Un modo diverso di metterci nei giochi della vita, accanto agli alberi, in una “botanica estemporanea” offerta dal paesaggio vegetale urbano, per un’idea di convivenza che origina dall’attenzione e dall’immaginazione così come viene indotta dai luoghi al ritmo dei passi di una camminata in città. Gli alberi allora prima di tutto come fonte di immaginazione e la botanica estemporanea si autodefinisce nell’esclamazione: “sembra un giardino!”.
I paesaggi pedonali – walkscapes – sono molto meno banali di quanto si pensi.

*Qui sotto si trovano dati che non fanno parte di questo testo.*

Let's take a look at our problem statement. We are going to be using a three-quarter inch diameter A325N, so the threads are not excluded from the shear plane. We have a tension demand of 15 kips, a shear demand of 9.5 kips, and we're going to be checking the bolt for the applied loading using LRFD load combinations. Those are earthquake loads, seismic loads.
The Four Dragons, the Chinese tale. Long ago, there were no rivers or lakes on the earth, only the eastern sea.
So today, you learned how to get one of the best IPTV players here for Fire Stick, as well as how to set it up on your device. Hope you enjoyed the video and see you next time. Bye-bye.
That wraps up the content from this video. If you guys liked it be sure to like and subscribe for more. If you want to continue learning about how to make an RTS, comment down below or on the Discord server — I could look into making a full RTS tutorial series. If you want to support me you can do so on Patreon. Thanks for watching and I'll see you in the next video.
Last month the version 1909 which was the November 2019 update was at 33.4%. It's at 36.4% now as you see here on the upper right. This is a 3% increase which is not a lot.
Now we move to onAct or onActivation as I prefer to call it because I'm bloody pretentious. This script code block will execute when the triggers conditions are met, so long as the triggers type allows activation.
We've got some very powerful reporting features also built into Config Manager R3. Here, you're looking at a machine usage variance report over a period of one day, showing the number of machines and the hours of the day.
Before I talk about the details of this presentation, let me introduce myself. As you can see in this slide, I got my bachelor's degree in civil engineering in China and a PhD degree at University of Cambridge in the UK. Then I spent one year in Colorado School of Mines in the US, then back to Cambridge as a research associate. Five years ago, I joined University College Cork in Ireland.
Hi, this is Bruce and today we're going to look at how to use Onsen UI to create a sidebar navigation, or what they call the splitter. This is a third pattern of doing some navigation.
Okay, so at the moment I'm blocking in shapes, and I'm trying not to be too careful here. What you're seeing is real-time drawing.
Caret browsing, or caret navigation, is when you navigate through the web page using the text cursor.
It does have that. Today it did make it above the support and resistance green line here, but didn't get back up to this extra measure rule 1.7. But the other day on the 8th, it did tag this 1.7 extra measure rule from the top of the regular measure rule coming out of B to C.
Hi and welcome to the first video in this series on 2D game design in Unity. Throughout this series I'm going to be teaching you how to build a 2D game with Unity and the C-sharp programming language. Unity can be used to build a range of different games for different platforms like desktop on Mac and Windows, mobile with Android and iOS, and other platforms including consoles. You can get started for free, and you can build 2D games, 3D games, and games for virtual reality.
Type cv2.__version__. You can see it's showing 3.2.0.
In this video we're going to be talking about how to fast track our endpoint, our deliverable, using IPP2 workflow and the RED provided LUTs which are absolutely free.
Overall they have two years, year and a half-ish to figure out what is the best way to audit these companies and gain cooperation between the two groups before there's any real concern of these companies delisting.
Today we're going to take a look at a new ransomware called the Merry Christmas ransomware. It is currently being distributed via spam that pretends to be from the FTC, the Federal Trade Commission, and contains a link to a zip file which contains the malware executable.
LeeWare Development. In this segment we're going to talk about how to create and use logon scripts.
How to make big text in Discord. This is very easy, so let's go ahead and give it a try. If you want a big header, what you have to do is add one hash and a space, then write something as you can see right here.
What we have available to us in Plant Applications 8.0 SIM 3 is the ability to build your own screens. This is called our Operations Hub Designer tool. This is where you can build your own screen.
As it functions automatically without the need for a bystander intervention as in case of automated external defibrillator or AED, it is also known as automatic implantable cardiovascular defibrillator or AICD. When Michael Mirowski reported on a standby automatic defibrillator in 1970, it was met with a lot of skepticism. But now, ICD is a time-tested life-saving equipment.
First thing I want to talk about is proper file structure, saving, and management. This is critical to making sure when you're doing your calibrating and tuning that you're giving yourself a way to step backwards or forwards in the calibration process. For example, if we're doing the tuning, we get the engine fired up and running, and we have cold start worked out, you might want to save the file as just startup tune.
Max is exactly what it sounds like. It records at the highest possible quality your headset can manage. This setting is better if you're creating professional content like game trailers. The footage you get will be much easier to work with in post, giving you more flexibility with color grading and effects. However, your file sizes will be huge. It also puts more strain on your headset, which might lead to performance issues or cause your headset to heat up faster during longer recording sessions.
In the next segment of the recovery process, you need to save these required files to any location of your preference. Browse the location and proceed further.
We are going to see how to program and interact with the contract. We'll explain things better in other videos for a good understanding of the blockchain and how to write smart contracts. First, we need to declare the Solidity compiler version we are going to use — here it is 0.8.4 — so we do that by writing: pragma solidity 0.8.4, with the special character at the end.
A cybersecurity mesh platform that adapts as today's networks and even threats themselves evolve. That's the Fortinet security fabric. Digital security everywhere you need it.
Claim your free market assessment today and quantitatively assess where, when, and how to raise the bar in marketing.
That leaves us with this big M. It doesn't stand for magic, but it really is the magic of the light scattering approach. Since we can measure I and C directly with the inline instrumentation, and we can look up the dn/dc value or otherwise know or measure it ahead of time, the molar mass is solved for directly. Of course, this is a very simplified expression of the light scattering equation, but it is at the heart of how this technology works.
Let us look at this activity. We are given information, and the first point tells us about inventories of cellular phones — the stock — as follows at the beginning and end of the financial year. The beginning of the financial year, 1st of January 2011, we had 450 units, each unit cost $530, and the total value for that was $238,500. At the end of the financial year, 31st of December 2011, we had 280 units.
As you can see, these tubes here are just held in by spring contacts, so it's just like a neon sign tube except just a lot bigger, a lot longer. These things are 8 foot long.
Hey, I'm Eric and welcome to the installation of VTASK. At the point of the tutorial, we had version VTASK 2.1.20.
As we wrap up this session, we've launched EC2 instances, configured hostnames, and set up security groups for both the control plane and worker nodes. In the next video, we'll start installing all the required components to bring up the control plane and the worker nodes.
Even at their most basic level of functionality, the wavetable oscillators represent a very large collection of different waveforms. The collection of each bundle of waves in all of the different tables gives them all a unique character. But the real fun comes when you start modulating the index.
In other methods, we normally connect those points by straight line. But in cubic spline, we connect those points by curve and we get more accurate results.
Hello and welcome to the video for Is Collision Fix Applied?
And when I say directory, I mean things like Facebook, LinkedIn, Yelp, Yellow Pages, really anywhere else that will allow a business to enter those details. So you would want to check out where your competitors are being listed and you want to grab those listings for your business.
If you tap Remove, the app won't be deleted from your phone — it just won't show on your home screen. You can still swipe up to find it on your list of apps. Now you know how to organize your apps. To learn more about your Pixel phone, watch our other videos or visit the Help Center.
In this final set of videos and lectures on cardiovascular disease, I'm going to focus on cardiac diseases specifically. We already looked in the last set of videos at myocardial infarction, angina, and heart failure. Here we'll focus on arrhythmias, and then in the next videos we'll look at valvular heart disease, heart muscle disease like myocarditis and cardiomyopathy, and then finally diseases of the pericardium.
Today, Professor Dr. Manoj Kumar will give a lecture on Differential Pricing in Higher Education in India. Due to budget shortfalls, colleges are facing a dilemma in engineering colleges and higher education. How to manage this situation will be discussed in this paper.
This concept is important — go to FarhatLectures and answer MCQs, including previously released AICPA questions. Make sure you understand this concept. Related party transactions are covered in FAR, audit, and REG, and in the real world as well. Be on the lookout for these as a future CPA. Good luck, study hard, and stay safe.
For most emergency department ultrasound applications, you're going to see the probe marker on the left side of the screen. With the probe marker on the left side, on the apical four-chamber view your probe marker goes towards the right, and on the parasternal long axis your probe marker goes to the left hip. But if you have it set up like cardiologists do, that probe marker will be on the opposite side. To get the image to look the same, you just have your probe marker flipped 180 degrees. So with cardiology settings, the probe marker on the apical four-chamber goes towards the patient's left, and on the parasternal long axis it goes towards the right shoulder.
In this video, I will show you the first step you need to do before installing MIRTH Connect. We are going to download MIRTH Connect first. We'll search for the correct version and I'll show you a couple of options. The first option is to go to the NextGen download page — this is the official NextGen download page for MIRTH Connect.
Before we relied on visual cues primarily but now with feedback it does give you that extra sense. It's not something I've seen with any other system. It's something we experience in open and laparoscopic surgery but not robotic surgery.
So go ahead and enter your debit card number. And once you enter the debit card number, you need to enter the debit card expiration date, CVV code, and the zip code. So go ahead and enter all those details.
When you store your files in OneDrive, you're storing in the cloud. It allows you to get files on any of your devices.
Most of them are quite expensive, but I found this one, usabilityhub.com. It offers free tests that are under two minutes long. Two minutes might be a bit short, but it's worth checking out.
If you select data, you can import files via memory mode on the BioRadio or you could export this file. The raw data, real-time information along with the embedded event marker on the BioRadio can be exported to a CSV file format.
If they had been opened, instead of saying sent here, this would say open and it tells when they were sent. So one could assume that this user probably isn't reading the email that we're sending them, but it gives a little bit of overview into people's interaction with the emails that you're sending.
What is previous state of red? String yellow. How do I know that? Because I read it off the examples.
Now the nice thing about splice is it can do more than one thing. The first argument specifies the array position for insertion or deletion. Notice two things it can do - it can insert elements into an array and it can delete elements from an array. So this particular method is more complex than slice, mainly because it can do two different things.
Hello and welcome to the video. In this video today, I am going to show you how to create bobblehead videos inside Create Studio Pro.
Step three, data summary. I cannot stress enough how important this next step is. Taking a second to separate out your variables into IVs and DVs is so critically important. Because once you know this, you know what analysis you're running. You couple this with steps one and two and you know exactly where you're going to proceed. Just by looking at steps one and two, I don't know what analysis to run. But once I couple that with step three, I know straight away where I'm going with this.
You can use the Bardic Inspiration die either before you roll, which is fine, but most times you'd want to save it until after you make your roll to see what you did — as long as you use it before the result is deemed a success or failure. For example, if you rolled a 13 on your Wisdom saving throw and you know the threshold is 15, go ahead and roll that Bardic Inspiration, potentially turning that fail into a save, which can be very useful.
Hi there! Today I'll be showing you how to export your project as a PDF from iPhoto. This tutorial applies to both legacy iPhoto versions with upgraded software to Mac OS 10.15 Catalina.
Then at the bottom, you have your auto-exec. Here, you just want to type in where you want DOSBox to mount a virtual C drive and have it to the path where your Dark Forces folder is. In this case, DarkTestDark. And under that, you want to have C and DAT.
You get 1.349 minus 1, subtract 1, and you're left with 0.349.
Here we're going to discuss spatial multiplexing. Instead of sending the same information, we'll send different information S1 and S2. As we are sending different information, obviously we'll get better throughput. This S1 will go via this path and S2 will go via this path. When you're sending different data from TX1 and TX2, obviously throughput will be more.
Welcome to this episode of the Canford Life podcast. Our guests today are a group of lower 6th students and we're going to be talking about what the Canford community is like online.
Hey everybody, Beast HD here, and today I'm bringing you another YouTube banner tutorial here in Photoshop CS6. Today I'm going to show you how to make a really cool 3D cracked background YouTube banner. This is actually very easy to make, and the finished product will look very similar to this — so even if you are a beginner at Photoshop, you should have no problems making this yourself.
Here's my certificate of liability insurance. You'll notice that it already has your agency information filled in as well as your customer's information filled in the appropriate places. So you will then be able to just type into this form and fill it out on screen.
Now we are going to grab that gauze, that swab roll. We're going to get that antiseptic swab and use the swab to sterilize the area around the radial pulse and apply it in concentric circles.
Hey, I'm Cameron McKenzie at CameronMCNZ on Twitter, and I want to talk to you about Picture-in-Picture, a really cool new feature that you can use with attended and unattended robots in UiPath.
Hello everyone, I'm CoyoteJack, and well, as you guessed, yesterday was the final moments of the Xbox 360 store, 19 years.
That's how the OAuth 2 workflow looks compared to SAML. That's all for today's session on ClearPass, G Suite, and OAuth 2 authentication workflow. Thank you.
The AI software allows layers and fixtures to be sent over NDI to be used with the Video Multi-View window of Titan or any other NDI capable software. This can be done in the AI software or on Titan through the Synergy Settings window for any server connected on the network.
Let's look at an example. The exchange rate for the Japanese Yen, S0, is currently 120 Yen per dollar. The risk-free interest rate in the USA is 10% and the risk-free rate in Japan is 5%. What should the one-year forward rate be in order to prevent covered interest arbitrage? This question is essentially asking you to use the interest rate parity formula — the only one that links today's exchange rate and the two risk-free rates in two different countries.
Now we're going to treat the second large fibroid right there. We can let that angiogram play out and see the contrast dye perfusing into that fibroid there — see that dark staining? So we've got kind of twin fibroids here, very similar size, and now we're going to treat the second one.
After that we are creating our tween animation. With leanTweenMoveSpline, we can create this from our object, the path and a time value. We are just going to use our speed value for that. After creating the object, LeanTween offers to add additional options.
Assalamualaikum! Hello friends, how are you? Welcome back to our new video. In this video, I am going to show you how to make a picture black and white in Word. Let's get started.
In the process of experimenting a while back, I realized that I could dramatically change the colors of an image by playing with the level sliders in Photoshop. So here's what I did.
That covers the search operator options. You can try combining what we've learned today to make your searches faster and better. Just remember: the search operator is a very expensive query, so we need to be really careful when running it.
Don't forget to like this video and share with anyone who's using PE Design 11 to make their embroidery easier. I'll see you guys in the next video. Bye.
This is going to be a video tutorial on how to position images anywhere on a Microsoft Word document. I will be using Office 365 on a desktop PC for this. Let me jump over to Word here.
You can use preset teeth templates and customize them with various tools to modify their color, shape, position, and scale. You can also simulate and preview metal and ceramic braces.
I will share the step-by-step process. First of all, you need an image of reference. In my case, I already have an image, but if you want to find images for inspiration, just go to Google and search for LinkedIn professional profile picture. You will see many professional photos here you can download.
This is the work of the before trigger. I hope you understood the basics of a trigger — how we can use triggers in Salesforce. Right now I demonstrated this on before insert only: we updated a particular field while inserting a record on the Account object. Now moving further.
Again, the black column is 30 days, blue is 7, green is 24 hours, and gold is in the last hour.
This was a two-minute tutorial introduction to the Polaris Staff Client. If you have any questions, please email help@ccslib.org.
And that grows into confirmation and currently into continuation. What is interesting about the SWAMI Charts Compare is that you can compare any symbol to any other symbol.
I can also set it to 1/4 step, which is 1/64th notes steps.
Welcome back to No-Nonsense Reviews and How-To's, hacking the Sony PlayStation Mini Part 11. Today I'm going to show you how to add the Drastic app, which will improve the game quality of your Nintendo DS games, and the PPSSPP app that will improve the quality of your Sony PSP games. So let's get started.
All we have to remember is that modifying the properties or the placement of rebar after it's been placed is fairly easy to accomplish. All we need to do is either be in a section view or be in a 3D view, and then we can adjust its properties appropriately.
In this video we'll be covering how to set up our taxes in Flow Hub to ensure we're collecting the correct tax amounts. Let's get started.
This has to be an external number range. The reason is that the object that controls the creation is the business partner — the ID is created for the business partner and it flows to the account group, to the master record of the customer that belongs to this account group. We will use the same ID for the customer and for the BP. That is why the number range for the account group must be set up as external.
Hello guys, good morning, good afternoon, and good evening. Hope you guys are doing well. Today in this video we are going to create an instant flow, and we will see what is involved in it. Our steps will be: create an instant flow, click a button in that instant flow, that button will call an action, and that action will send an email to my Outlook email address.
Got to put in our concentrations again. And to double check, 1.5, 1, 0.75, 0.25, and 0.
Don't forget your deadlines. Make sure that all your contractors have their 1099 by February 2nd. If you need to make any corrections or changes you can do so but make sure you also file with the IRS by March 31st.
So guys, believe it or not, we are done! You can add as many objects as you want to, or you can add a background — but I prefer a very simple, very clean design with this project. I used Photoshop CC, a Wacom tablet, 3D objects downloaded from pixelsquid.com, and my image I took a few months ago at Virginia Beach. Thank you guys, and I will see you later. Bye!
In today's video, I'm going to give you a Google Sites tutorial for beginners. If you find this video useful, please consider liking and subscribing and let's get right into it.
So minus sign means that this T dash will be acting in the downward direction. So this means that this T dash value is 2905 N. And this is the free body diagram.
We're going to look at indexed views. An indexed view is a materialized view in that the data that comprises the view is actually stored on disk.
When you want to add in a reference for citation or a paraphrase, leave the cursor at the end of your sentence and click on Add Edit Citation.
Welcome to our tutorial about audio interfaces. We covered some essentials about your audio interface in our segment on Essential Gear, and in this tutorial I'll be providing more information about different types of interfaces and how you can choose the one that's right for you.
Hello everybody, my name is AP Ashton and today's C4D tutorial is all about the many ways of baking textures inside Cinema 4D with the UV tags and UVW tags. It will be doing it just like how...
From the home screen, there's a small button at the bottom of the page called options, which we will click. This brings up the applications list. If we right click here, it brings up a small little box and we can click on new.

Qui si può attivare quella “spiritualità di cura” (T. Morton) verso gli oggetti comuni del mondo, non solo verso le parti ritenute più gradevoli, ma anche verso i luoghi marginali, dove possiamo imparare ad assumerci maggiori responsabilità, magari anche costruendo un’estetica interessante.
Pensare ad un tipo di cura che potrebbe curarci dall’idea che abbiamo di controllo; ciò potrebbe mostrarci che facciamo parte di una vasta rete convoluta di entità che si conoscono, ma senza dissipare il loro mistero.
Qualcuno ritiene già che questa strana forma di cura onnidirezionale e misteriosa potrebbe salvarci come umanità e, al contempo, salvarci per esempio, dalla presunzione di voler salvare il pianeta.
Capiremo così che non ci può essere nessuna “pacifica” convivenza tra cittadini ed alberi urbani senza un patto sociale orientato al raggiungimento di un accordo implicito, basato su concezioni fondate sulla biofilia e una nuova interdipendenza interspecifica.